(Short descriptive text snippets)
┌────────
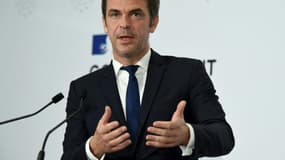 Le ministre de la Santé Olivier Véran à Station F, le 18 octobre 2021 à Paris
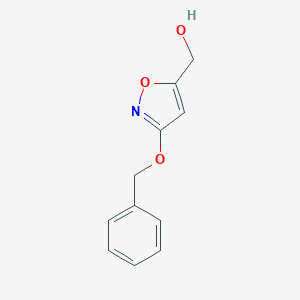 molecular formula C11H11NO3 B181176 (3-(苄氧基)异恶唑-5-基)甲醇 CAS No. 123320-44-5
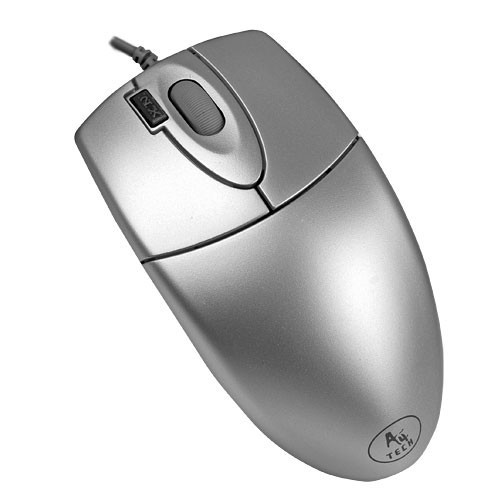 Мышь A4Tech OP-620D серебристый оптическая (1000dpi) USB (4but)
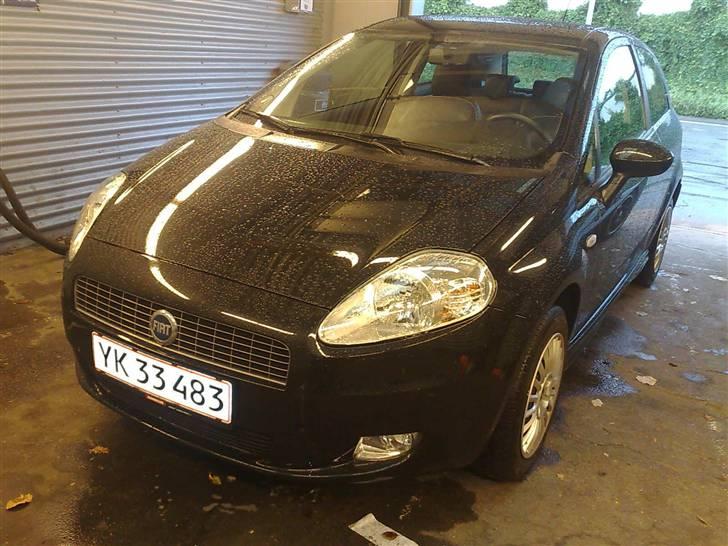 Fiat Grande Punto "Død i skybrud" :( - Da den var helt standard.. billede 2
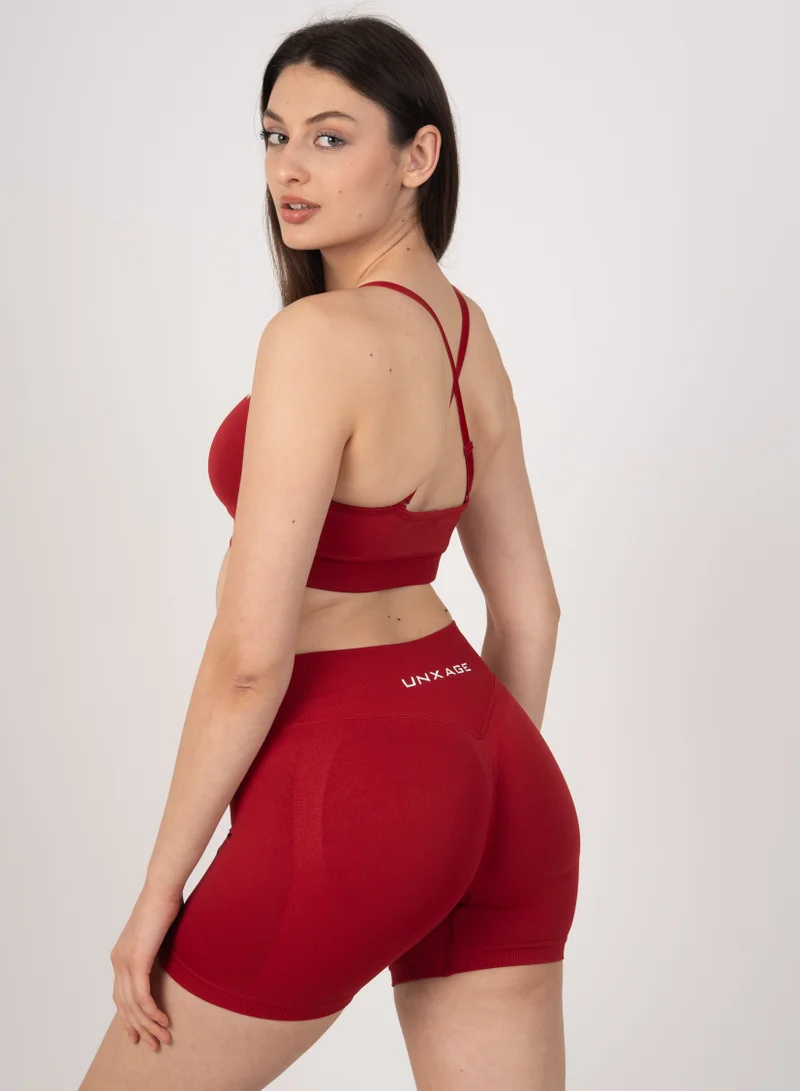 انكسيخ High-Waisted Seamless Shorts | Sculpted Performance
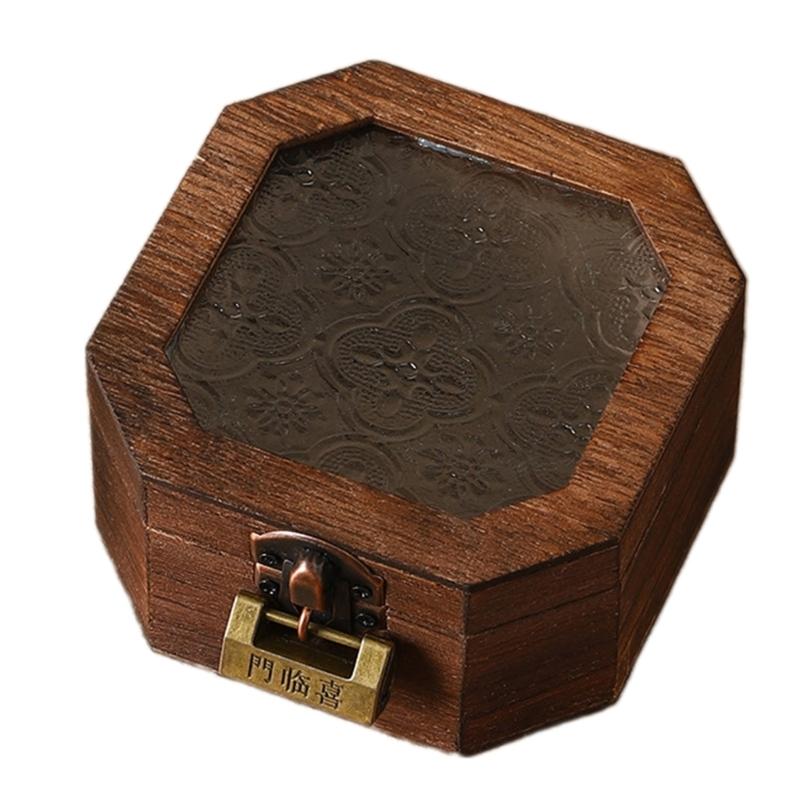 Begonia Floral Pattern Wooden Frame Jewelry Storage Box For Makeup Table Display Elegant Cosmetic Organiser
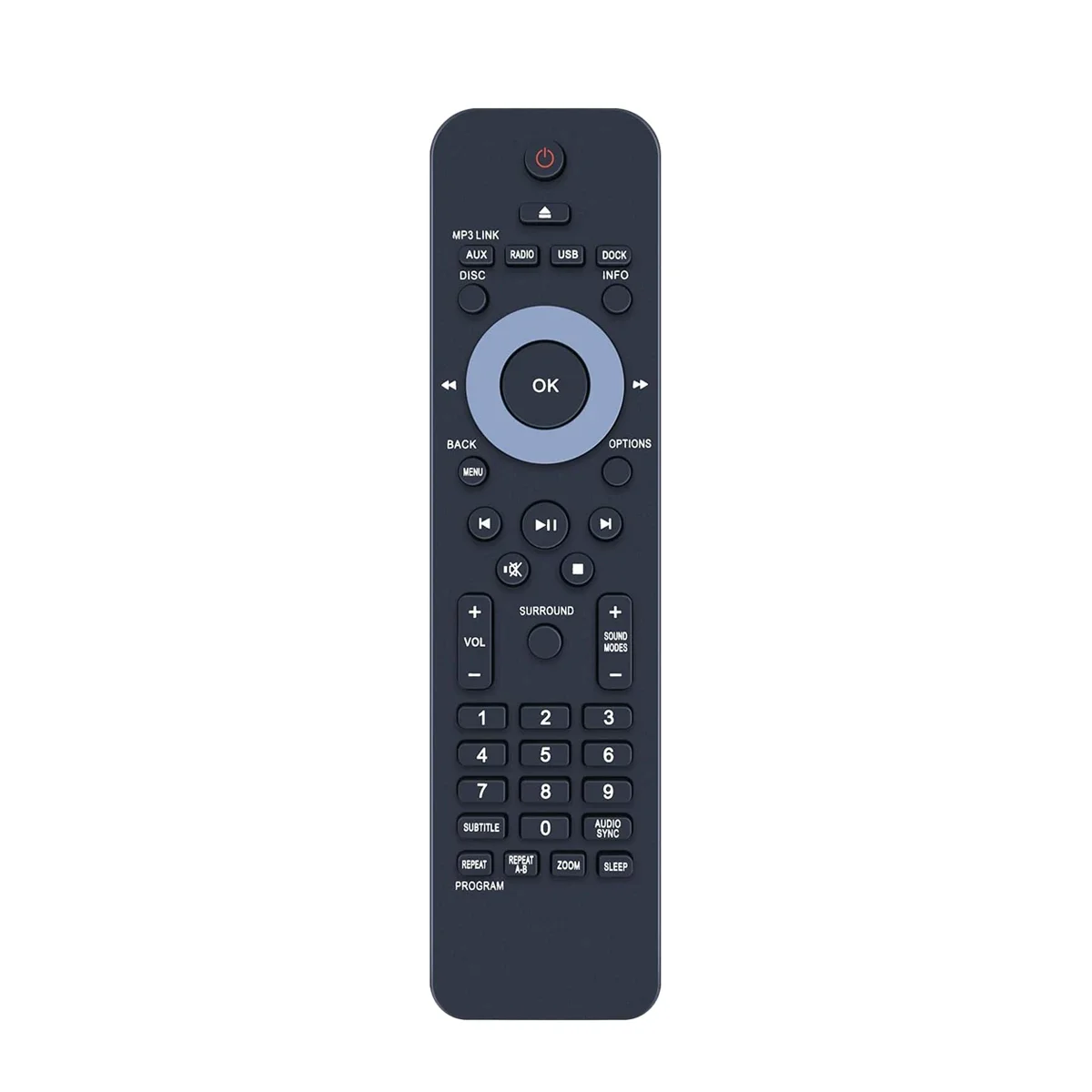 Remote Control For PHILIPS RC242254900902 HTS3520/12 HTS3270/05 HTS3531/12 HTS3540/12 HTS3540 HTS3565D DVD Home Theater System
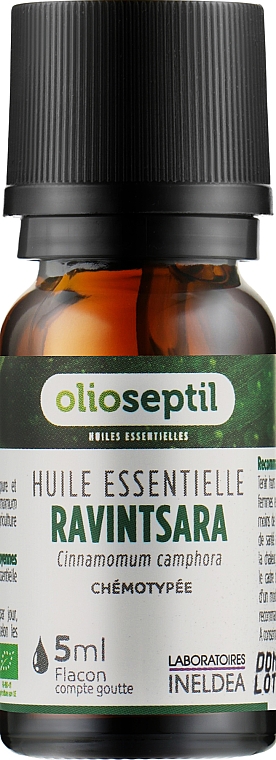 Olejek eteryczny z cynamonowca - Olioseptil Ravintsara Essential Oil — Zdjęcie N1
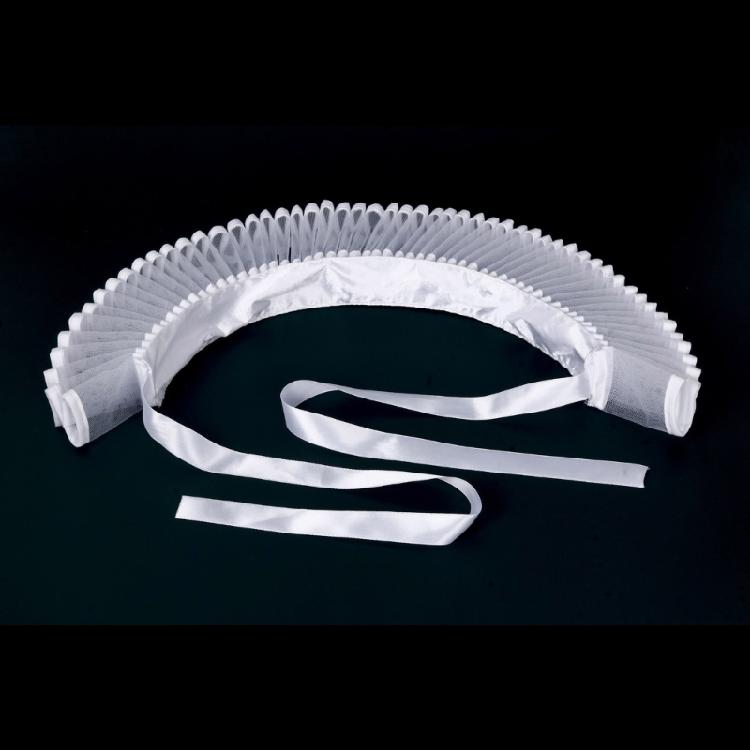 Clown Cosplay Choker Viktorianische Renaissance Rüschen Weißes Netz Falscher Kragen Abnehmbare Halskrause für Kinder Mädchen Halsbekleidung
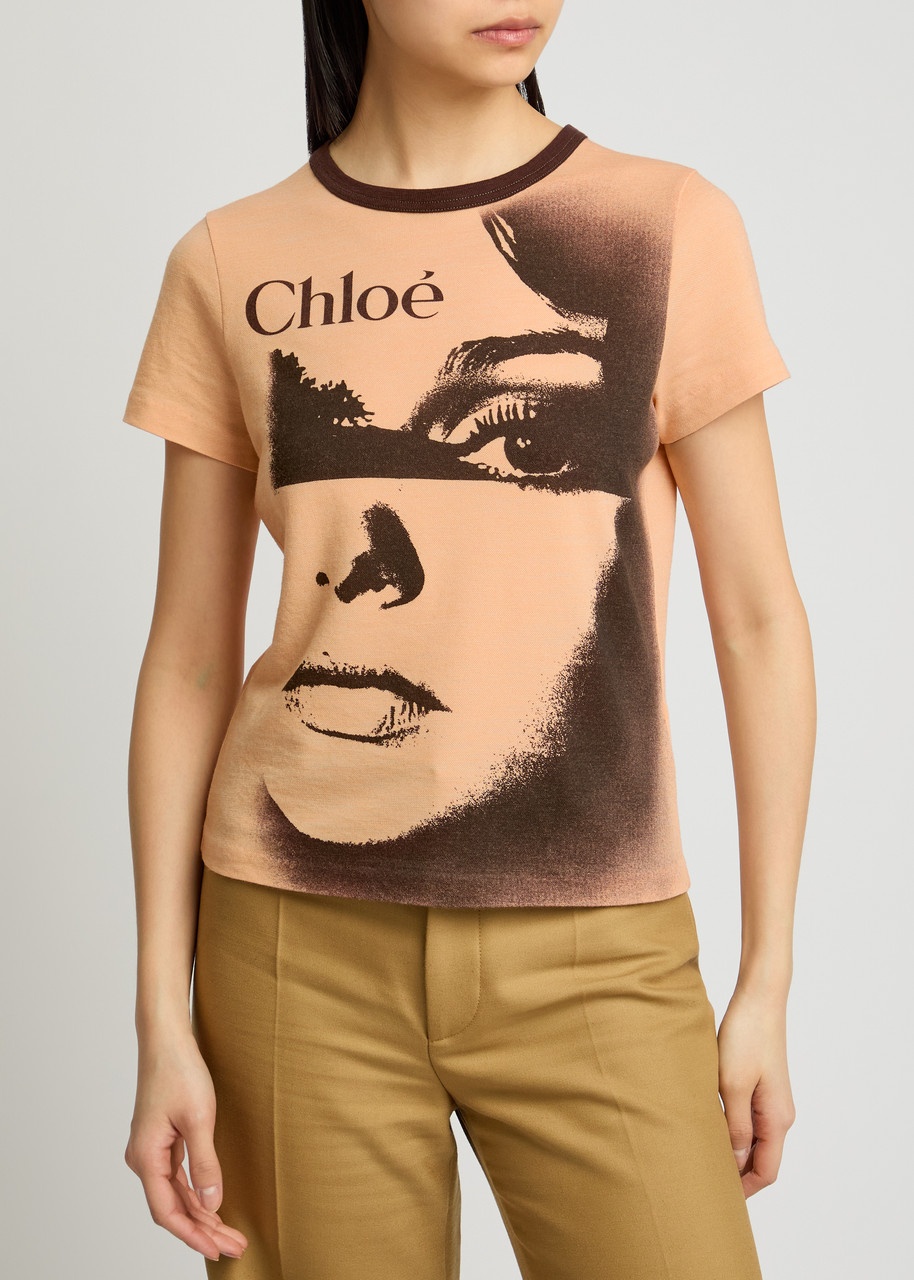 Chloe Printed Jersey T-shirt - 2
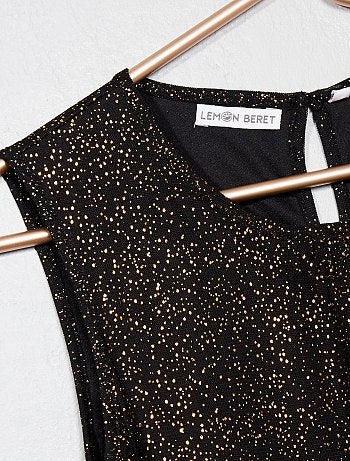 Menina 3-12 anos - Vestido em tule com brilhantes - Kiabi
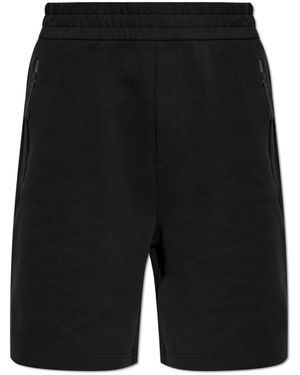 Moncler Sweatshorts Met Patch - Zwart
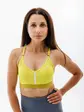 Топ Nike W NK INDY BRA V-NECK, салатовий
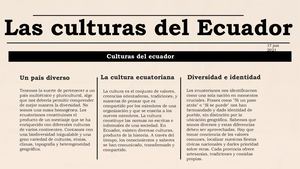 Las Culturas Del Ecuador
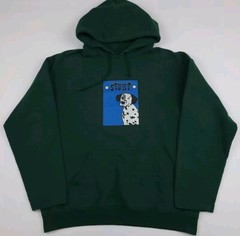 Stunt Dalmatian Dog Print Hoodie Sport Skate Green Multicolor 365 CUT SLEEVES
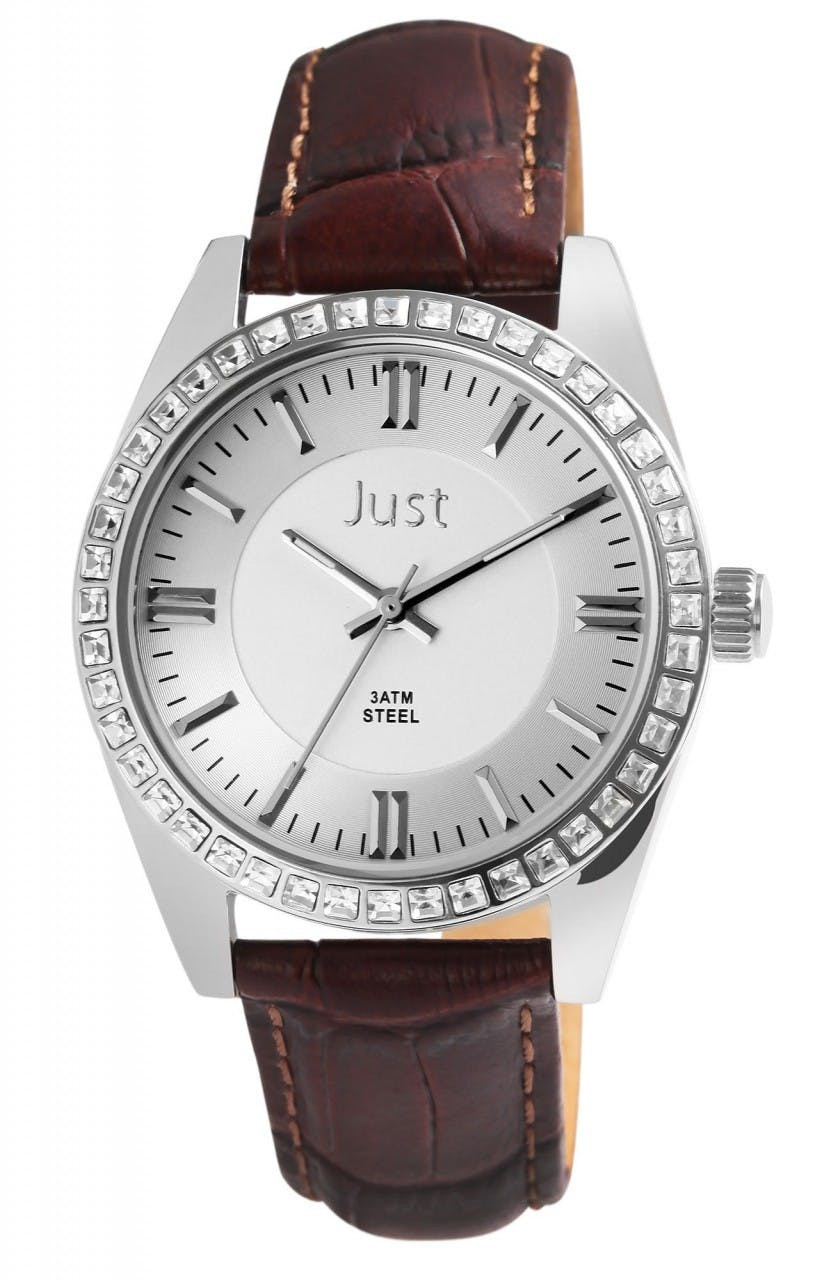 Relógio Just® Mulher com Bracelete em Pele Genuína - JU10050-005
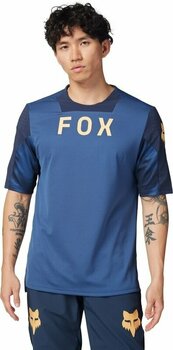 Camisola de ciclismo FOX Defend Short Sleeve Jersey Jersey Taunt Indigo L - 3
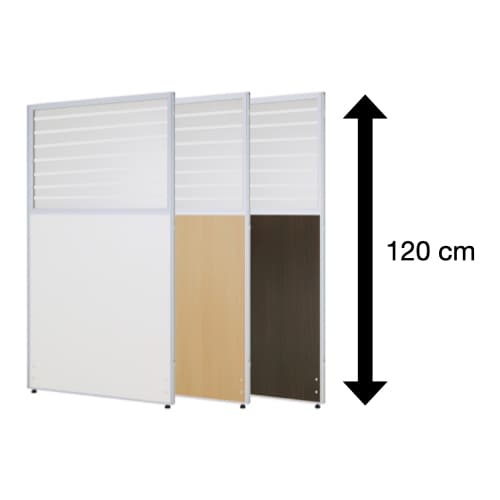 พาทิชั่นรุ่น 2 ครึ่งกระจกขัดลาย ขนาดความสูง 120 cm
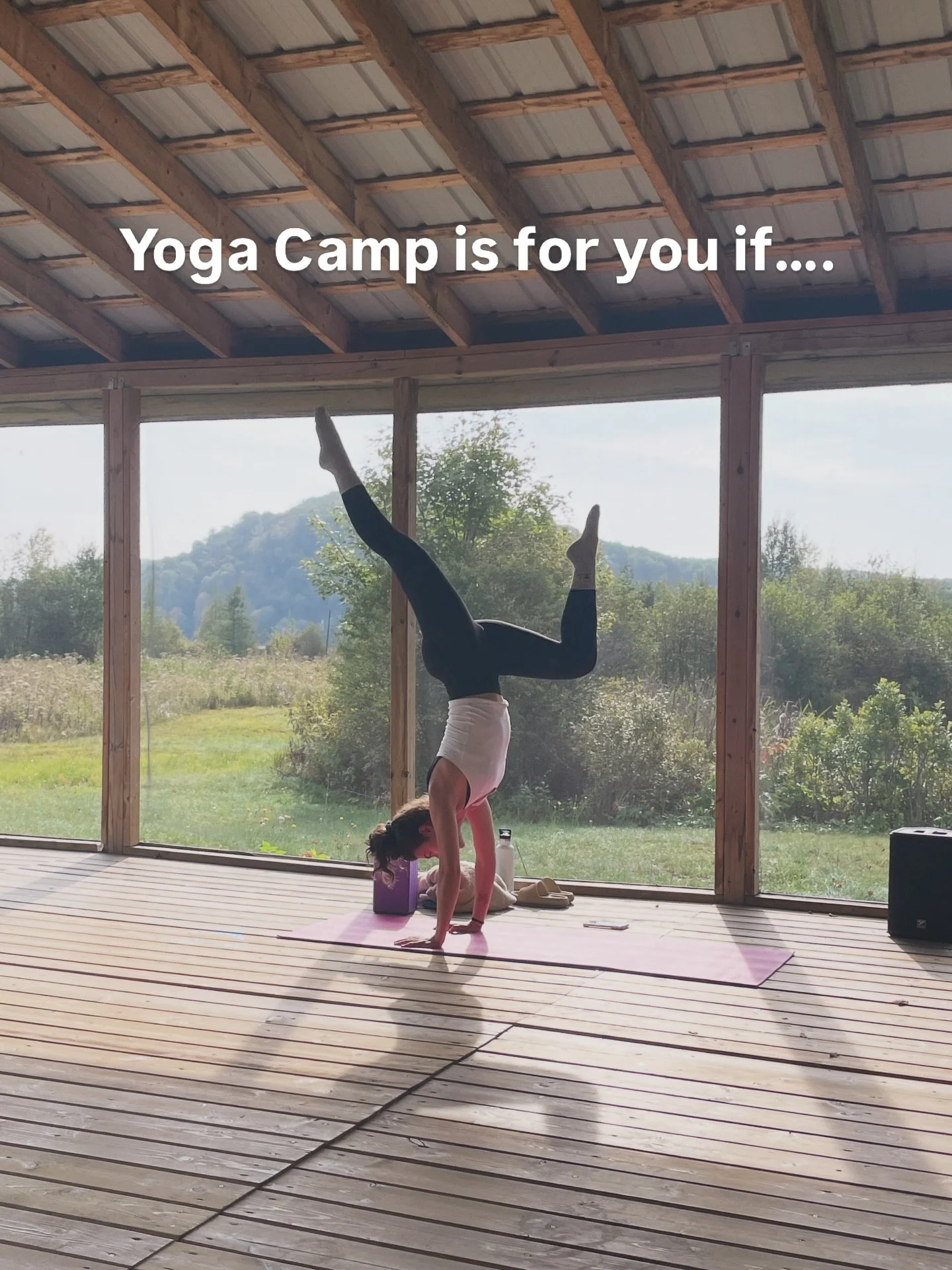 Yoga Camp is for the adventurous soul. If you want a community that loves to move, eat, and support each other in the wild &mdash; we&rsquo;ve saved a spot by the fire for you for this year&rsquo;s Summer Solstice. Link in bio for more details.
└────────
*EXERCISE INSTRUCTIONS:* Repeat only what runs from the first line of the records above to the line with "Begonia Floral Pattern", both included, word for word, minus the pictures.

*WRITTEN ANSWER:*
 Le ministre de la Santé Olivier Véran à Station F, le 18 octobre 2021 à Paris
 molecular formula C11H11NO3 B181176 (3-(苄氧基)异恶唑-5-基)甲醇 CAS No. 123320-44-5
 Мышь A4Tech OP-620D серебристый оптическая (1000dpi) USB (4but)
 Fiat Grande Punto "Død i skybrud" :( - Da den var helt standard.. billede 2
 انكسيخ High-Waisted Seamless Shorts | Sculpted Performance
 Begonia Floral Pattern Wooden Frame Jewelry Storage Box For Makeup Table Display Elegant Cosmetic Organiser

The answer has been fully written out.